The incidence of bone-related disorders is continuously growing as the aging of the population in developing countries continues to increase. Although therapeutic interventions for bone regeneration exist, their effectiveness is questioned, especially under certain circumstances, such as critical size defects. This gap of curative options has led to the search for new and more effective therapeutic approaches for bone regeneration; among them, the possibility of using extracellular vesicles (EVs) is gaining ground. EVs are secreted, biocompatible, nano-sized vesicles that play a pivotal role as messengers between donor and target cells, mediated by their specific cargo. Evidence shows that bone-relevant cells secrete osteoanabolic EVs, whose functionality can be further improved by several strategies. This, together with the low immunogenicity of EVs and their storage advantages, make them attractive candidates for clinical prospects in bone regeneration. However, before EVs reach clinical translation, a number of concerns should be addressed. Unraveling the EVs’ mode of action in bone regeneration is one of them; the molecular mediators driving their osteoanabolic effects in acceptor cells are beginning to be uncovered. Increasing the functional and bone targeting abilities of EVs are also matters of intense research.
1. Introduction
Bone is a dynamic organ that is constantly remodeling to ensure a constant net bone mass within an organism. This is achieved by two opposite and balanced phases: bone formation and bone resorption, carried out by osteoblasts and osteoclasts, respectively. Moreover, bone has a self-repairing ability, and therefore when an injury occurs, the damaged part regains its original structure and mechanical strength by the activation of the bone healing process.
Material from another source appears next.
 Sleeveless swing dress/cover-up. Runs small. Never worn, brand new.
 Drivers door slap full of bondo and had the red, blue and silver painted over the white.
However, under certain situations, such as critical-sized bone defects (defined as those that will not heal spontaneously during the life of a patient), bone loss due to bone-related diseases, lack of vascularization, infections, and tumors, this ability is not enough and requires clinical intervention
[1]. In the case of osteoporosis (OP), a highly prevalent metabolic disease affecting more than 200 million of patients worldwide, each year more than 8.9 million fractures are reported globally
[2]. In the EU, the cost of OP in 2019, including pharmacological intervention, entailed more than €56 billion, doubling that needed in 2010
[3][4].
Bone tissue is highly demanded in clinics, and after blood, is the second most transplanted tissue worldwide
[5]. Thus, currently, the most successful intervention to treat bone defects is still bone grafting, a strategy first outlined in the early 1900s
[6]. Bone autografts are the gold standard in bone regeneration procedures since they avoid rejection from the patient’s immune system. Unfortunately, autologous bone supply is limited and the need of additional surgery for bone extraction increases the risk of infections and morbidity. Another option is the use of allografts (from a human donor) or xenografts (from large animals like pigs or bovines), which nevertheless entail some risk of pathogen transmission; more importantly, these bone implants have shown poor bone regeneration abilities
[7]. All in all, there is an urgent need to discover new, effective therapies to boost bone regeneration to satisfy the growing world population (progressively more aged) affected by bone conditions.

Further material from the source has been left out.